Repository files navigation

Bangumi Spider

This is a scrapy based spider used to scrape data from Bangumi 番组计划.

What information it can scrape?

Spider name Purpose Items
user-api User information retrived via API. Aligned with User in https://bangumi.github.io/api
subject-api Subject information retrived via API. Aligned with Subject in https://bangumi.github.io/api
collections-api User records retrived via API. Aligned with UserSubjectCollection in https://bangumi.github.io/api
user User information retrived via web. uid, name, nickname, joindate
record* User-subject information retrived via web. uid(user id), iid(item id), typ(item type), state(user's favorite state), adddate, rate, tags, comment
subject Subject information retrived via web. subjectid, subjecttype, subjectname, order(same as subjectid except for redirected subjects, for which original id is kept as order), alias(alias of subjectname), staff, relations(subject's relation with other subjects)

* record spider: it would scrape user simultaneously.

How to use the spider?

Prerequisit of this spider is scrapy, so one need to install scrapy first.

You also need to obtain your Bangumi user token via https://next.bgm.tv/demo/access-token.

To use web spiders locally, one should git clone this repository first then run

scrapy crawl subject-api -a id_max=100 -a token={TOKEN}

TOKEN is the Bangumi token you retrieved via https://next.bgm.tv/demo/access-token.

id_max is a parameter specifying the maximun subject id it should be scraped. Meanwhile there is another parameter naming id_min.

For spiders scraping from web page, one need to add environmental variable SCRAPY_PROJECT=bgm before running. For example, on Linux it should be

SCRAPY_PROJECT=bgm scrapy crawl subject -a id_max=100

Then you can check the scraped items under main folder.

How to deploy?

To setup a scrapyd server, one can certainly do that by following Scrapyd document. However, we are providing a docker image to help you achieve that goal more quickly. The docker image is has a nginx served as authentication server. To start the docker image, one need to specify the USERNAME and PASSWORD as environment variable.

docker run -d -p 6810:6810 -e USERNAME=username -e PASSWORD=password wattlebird/scrapyd:latest
curl --user username:password http://localhost:6810/schedule.json -d project=bgm -d spider=record -d id_max=100

Then you can visit http://localhost:6810 to watch your jobs.

The source code of that docker image is under the folder scrapyd.

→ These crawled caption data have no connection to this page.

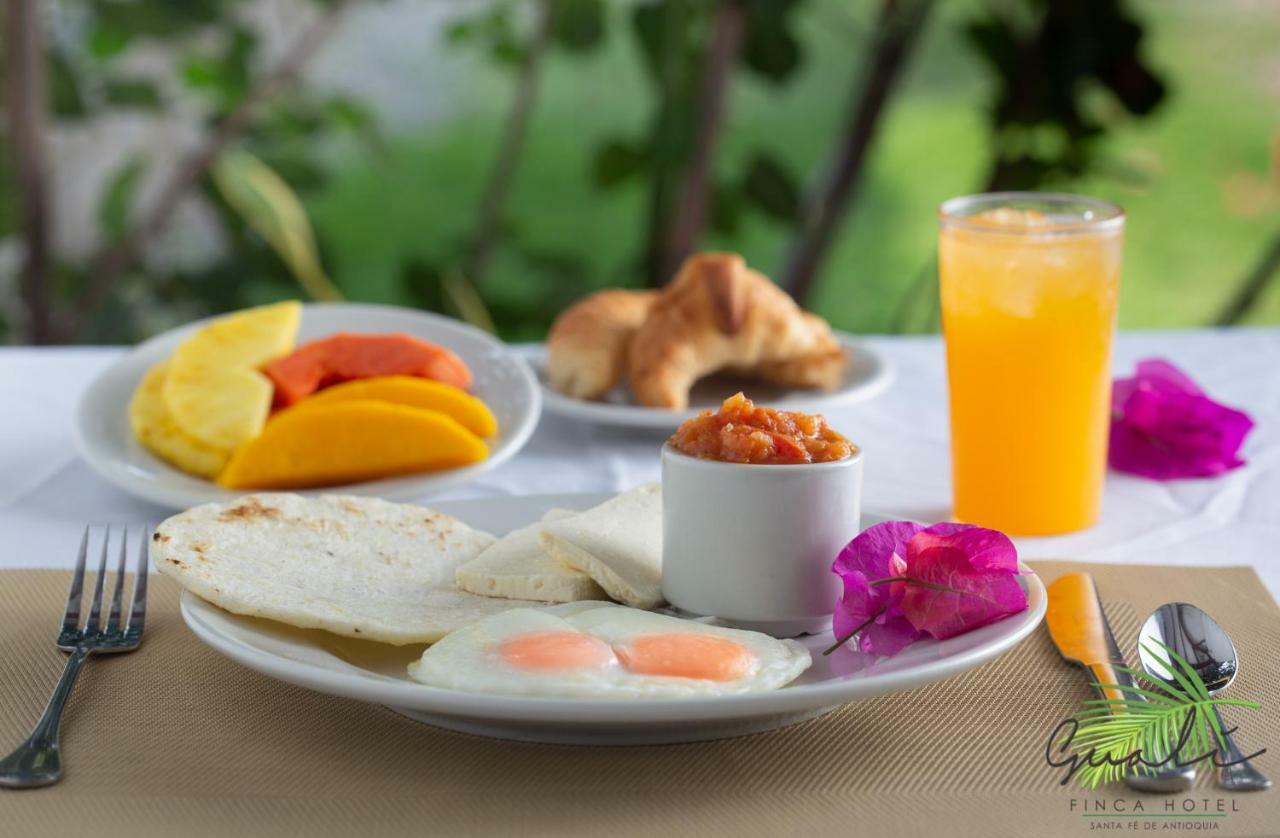 Finca Hotel Guali Santafe سانتا في دي أنتيوكيا المظهر الخارجي الصورة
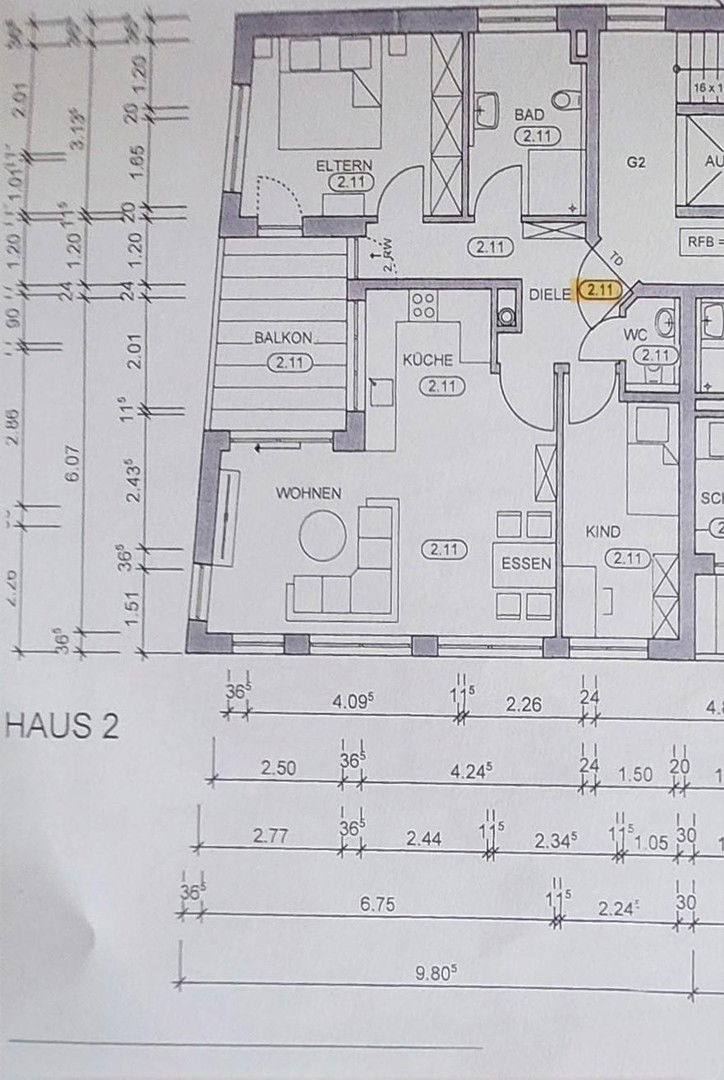 Wohnung zur Miete 1.420 € 3,5 Zimmer 75 m²<br/>Wohnfläche 3.<br/>Geschoss Oberesslingen - West Esslingen 73730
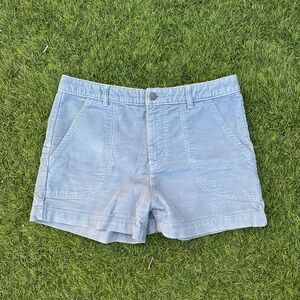 Patagonia Women's Light Blue Cargo Shorts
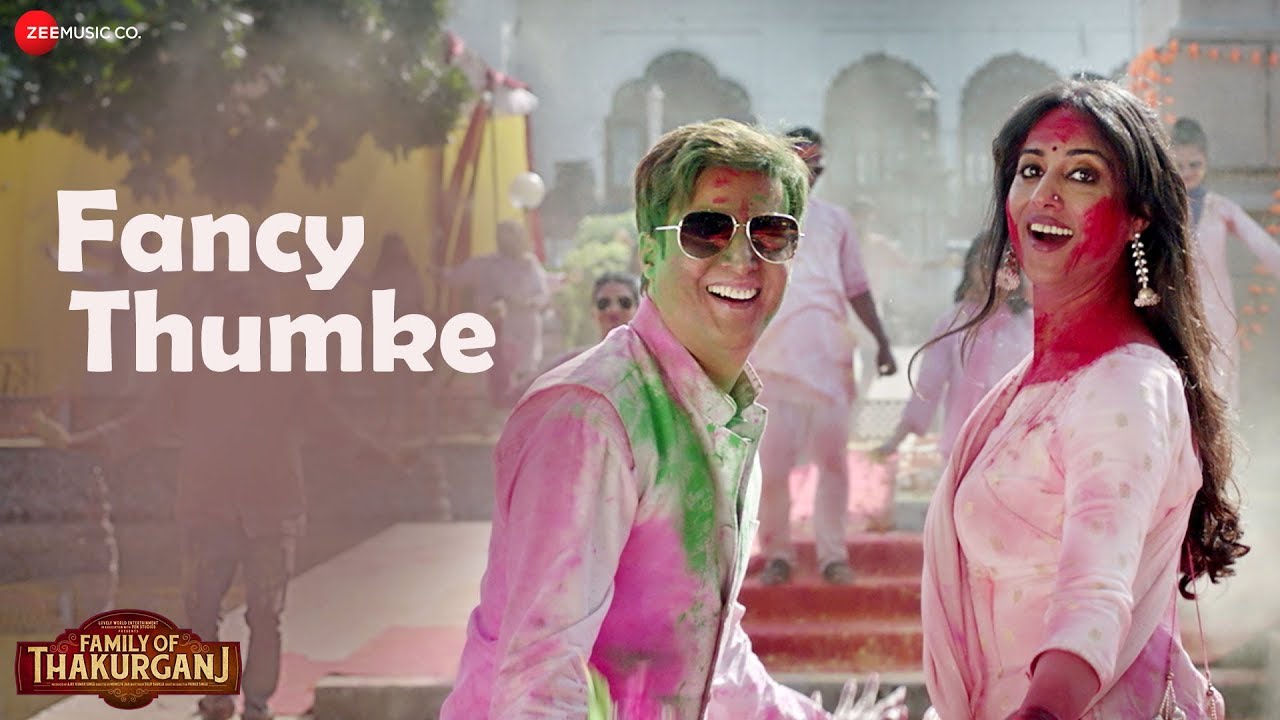 Fancy Thumke Lyrics  | Family of Thakurganj | Jimmy Sheirgill | Dev Negi | Sajid-Wajid
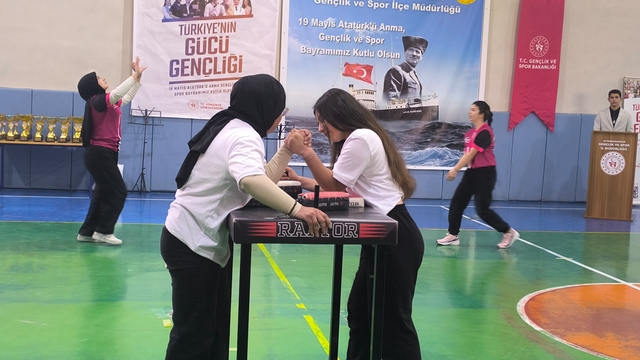 Şuhut'ta 19 Mayıs coşkusu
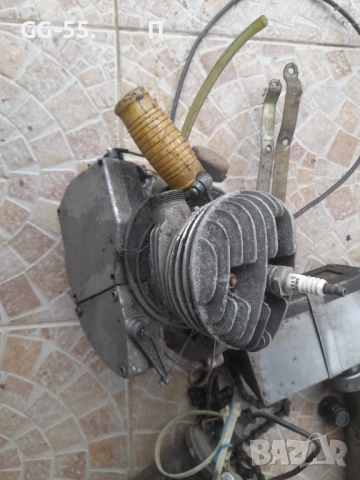 Двигател от мотопед, снимка 4 - Части - 52296845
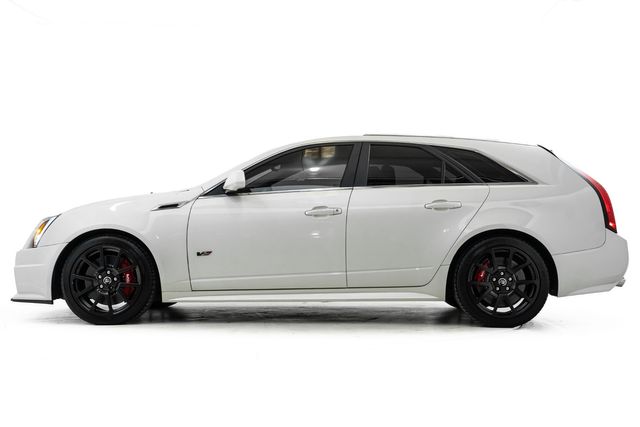2014 Cadillac CTS-V Wagon 6speed Manual 1 of 9 in White Diamond | Dallas, TX | RPM Garage 2014 Cadillac CTS-V Wagon 6speed Manual 1 of 9 in White Diamond | Dallas, TX | RPM Garage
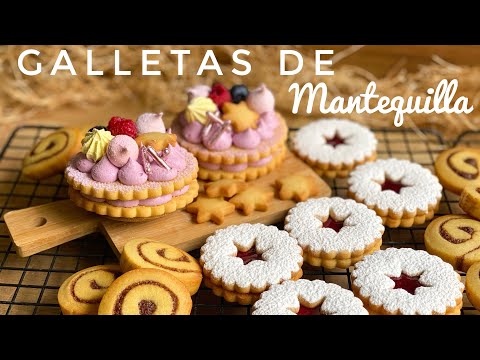 Video: Cómo Hacer Galletas De Mantequilla Gourmet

To deploy bgmapi and bgm properly, one have to execute the following commands:

python setup_bgmapi.py bdist_egg
curl --user {USERNAME}:{PASSWORD} http://localhost:6810/addversion.json -F project=bgmapi -F version=1.0 -F egg=@dist/project-1.0-py3.10.egg # The actual egg file generated may have a differ
python setup_bgm.py bdist_egg
curl --user {USERNAME}:{PASSWORD} http://localhost:6810/addversion.json -F project=bgm -F version=1.0 -F egg=@dist/project-1.0-py3.10.egg # The actual egg file generated may have a differ

Known issues

Due to sensitive content restriction, spider subject cannot scrape subjects that are marked as R-18.

License

MIT Licensed.